Some religious conservatives may see the world in moral terms — right and wrong; black and white. But there’s a long moral tradition, as far back as Augustine, that sees our world in shades of gray. The City of God lives as earthly inhabitants of the City of Man; thus, our world is imperfect. We are to be “in the world, but not of it.” History does not progress only toward human perfection. In this calculus, religious conservatives might see moral contrasts in black and white, but see voting for a morally compromised figure whose administration pushes back against progressivism as an uncomfortable shade of gray.
It’s a complicated situation for religious conservatives. But these are complicated times.
In January 2021, someone will take the presidential oath of office, and religious conservatives will undoubtedly play a crucial role in whom it will be. Their influence will be the focus of an untold number of postmortems, of the type they’ve been accustomed to hearing since 2016, when the notorious “81 percent” of evangelicals voted for the unlikeliest of candidates: Donald Trump. There are two competing interpretations of Trump’s enthusiastic support from religious conservatives: that it is a lesser-of-two-evils transaction based on self-interest, or that it shows a voting bloc compromised by every form of democratic vice, whether racism, nativism, or nationalism.

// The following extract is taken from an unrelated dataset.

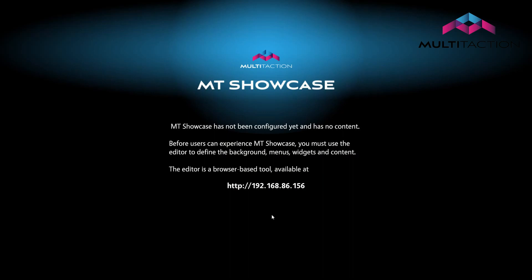Since we're using the same PC, press the Windows key plus D to return to your desktop. Open a Google Chrome browser. Please note that not all browsers are compatible with the MT Showcase editor, and Chrome usually works best.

If trends hold, there will be a similar turnout in 2020. Rather than wait for the postmortem, I can tell you what will happen now: Millions of religious conservatives will approach their votes with a political realism that requires balancing undesirable tensions and conflicting realities. They will vote not so much for Donald Trump — with his uncouth speech and incessantly immature tweets — as they will vote against the worldview of the Democratic platform. Those who make this calculation are not sell-outs, nor have they forfeited the credibility of their values carte blanche. For blind allegiance does not explain the voting relationship. That religious conservatives are not progressives does. Between Never Trump and Always Trump is a third category: Reluctant Trump. Voters in this category don’t get the fair hearing they deserve, since they defy the simple binary portrayal of religious conservatives as either offended by Trump or sold out to him.

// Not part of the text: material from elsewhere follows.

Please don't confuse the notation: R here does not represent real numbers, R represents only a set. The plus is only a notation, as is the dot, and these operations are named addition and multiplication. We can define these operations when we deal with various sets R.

Whatever scorn religious conservatives receive from secular and religious elites — whether fairly or unfairly — for abandoning their principles, exhibiting moral hypocrisy, or being complicit in an administration that Americans hear almost daily is an ‘existential threat’ to America, the reality is that religious conservatives of this third-way variety approach politics with far more complexity and internal tension than journalists claim. I should know, for I am a religious conservative. I’ve been schooled in their institutions. I am not writing the all-too-typical renunciation and self-hating hit piece to distance myself from my fellow religious conservatives. I embrace them as my people. But I’m not making this argument for myself. I’m making it on behalf of those I live with, talk to, and know to be nobler than the representation they get in the media. While I did not vote for Trump in 2016, I’ve backed off my former insistence that a Trump vote means automatically surrendering one’s principles.

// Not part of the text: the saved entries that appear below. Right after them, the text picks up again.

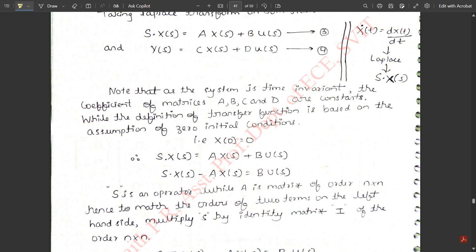Note that since the system is linear time-invariant, the coefficient matrices A, B, C, and D are constants. The transfer function is defined under the assumption of zero initial conditions, i.e., x(0) = 0. Therefore, from Equation 3: s·X(s) = A·X(s) + B·U(s).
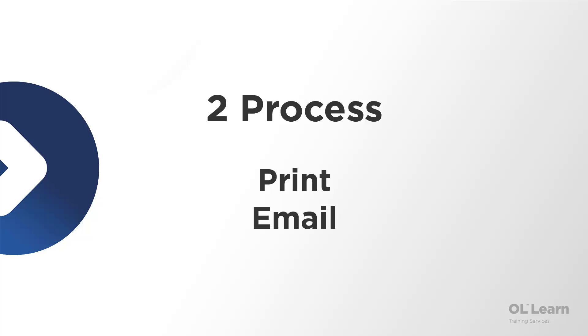Here, we have PlanetPress Workflow, which is the automation tool that makes everything work together.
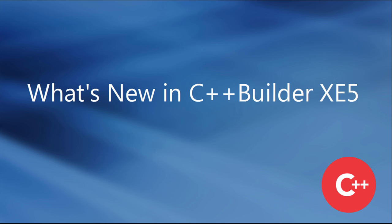C++ Builder XE5, the single-source C++ solution for building high-performance, natively compiled apps for Windows, iOS, and Mac.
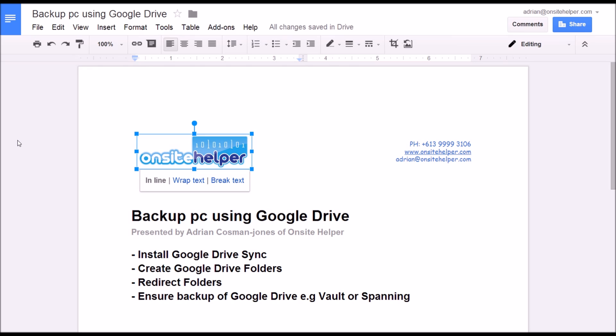I hope this has been beneficial for you. Stay tuned for more videos on ways you can improve your businesses in Google Drive and Google Apps. This has been Adrian from OnSite Helper. Thank you.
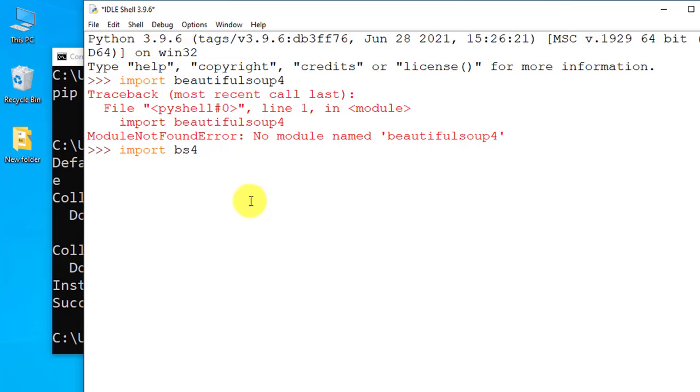Press enter, import bs4 and press enter and it will work. You can see, so you have easily fixed module not found error.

As a religious conservative who has lived, worked, and operated among religious conservatives at the levels of public policy, congregational life, grassroots, and academia, I find that the constant volley of attacks directed at them misses the layers and rationales that undergird their voting profiles, mature political reflections, and political psyches.
Critics, whether secular or religious, are right to note the odd relationship between religious conservatives and Donald Trump. The refrain is familiar: To anyone with a conscience, Trump is both lewd and prurient, a man whose life has involved adultery, misogyny, racial insensitivity, vainglory, profanity, deceit, sexual aggression, divorce, fornication, casinos, and porn. Religious conservatives should not accept these vices, but rather denounce them. With Trump, it’s easier to find what offends the religious-conservative conscience than to find what does not.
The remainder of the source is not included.